When you have no understanding of the trials you face, when you question purpose and plans, when you find yourself doubting if God really cares or if He could love someone as broken as you, know these truths…
“For my thoughts are not your thoughts, neither are your ways my ways,” declares the LORD. Isaiah 55:8
“Trust in the LORD with all your heart and lean not on your own understanding; in all your ways submit to him, and he will make your paths straight.” Proverbs 3:5-6
“Be strong and courageous. Do not be afraid or terrified because of them, for the LORD your God goes with you; he will never leave you nor forsake you.” Deuteronomy 31:6
“The LORD himself goes before you and will be with you; he will never leave you nor forsake you.

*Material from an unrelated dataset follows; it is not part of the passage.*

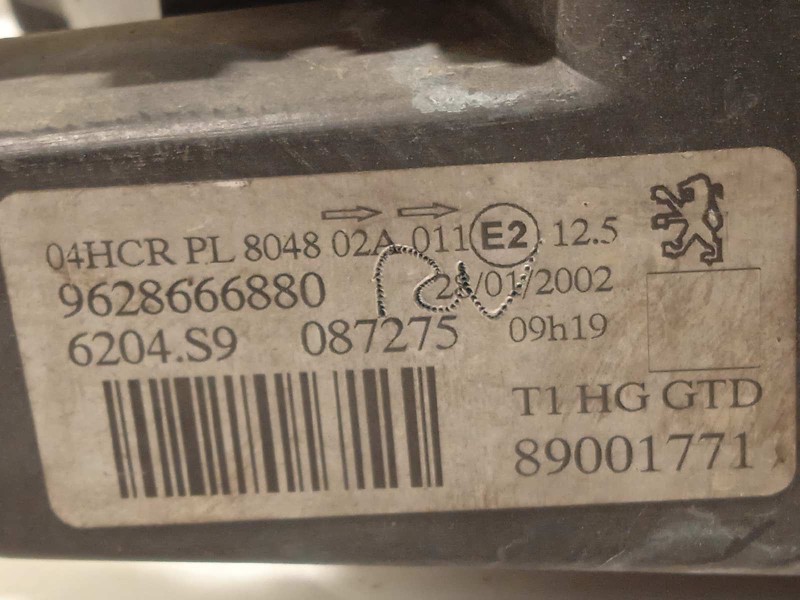 Recambio de faro izquierdo para peugeot 206 cc 1.6 16v cat referencia OEM IAM 9628666880  6204S9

Do not be afraid; do not be discouraged.” Deuteronomy 31:8
The things that have taught me the most, I have learned through the most difficult moments. The times that have brought me the closest to God, have been the times when there was nothing else. Through the pain and suffering, through nightmares, memories, flashbacks, excruciating pains deep in my chest, loss, abandonment, neglect, depression, hopelessness and more, I have learned that God is the One I need most in my life. With Him, I am confident that everything will work out. He is the One who holds me up. He is the One who keeps me going. He is the One that hasn’t let go of me.
In Philippians 1:6, Paul said, “I am confident of this very thing, that He who began a good work in you will perfect it until the day of Christ Jesus.”
And I believe that is the greatest thing I could have learned…that I am confident. I’m not confident in myself but I am absolutely confident in Him, in the One who holds me, keeps me on shore, calms the storm, parted the sea. I can face each day because…
He is my anchor.
He is my refuge.
He is my strength.
He is my hope.
He is my comfort.
He is my peace.
He is my joy.
In Him, I am anchored.
It’s a daily choice.
It’s a daily battle.
I don’t know if it ever really gets easier.
What I do know is that through all the ugliness I have seen in my life, God has softened my heart, given me compassion and understanding, a desire to help, support, and comfort others. He’s given me the need to write and filled my heart and mind with words aching to be bound between covers.
Again, it’s a choice. If you’re facing a storm and you can’t find your anchor, perhaps He is the one holding onto you. I hope you will embrace and trust Him. I hope you, too, can see that He is your anchor in the storm.
I purposely titled this…
Most of the time, I like to add … to my titles. My reason for using the period with this title is because…
With Him, I have all I need.
With Him, there is hope.
With Him, I am who I need to be.
With Him, there is purpose.
With Him, all things are possible.
With Him, there is a plan, a perfect plan.
With Him, everything falls into place, even when I cannot see or understand.
In Him, I am anchored – and that is all I need. Period.